Unfortunately, the comments were discouraging. The FDA expressed concerns regarding the risk-benefit assessment of Zalbin dosed at 900-mcg every two weeks. Although the BLA review is ongoing, Human Genome has concluded that getting approval for this dosing regimen is unlikely.
In April 2010, Human Genome said Novartis withdrew its Marketing Authorization Application for Joulferon from the European Medicines Agency.
Zalbin (Joulferon) is being developed by Human Genome and Novartis under an exclusive worldwide co-development and commercialization agreement entered into in 2006.

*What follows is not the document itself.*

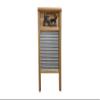 Amish Country Washboard (Pail Size (8 x 18")) view 1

Human Genome and Novartis are considering development of Zalbin dosed every four weeks, and Human Genome previously reported the positive interim results of a Phase 2b study of this ZALBIN regimen.
Zalbin is a genetic fusion of human albumen and interferon alfa created using proprietary Human Genome albumen-fusion technology. Albumen is the most prevalent naturally occurring blood protein in the human circulatory system. It persists in circulation in the body for about 19 days. Research shows that genetically attaching proteins to human albumen prolongs the therapeutic efficacy of proteins.
The shares of Human Genome Sciences (NASDAQ: HGSI) closed up 2.87 percent (= $0.74) at $26.51 on Friday.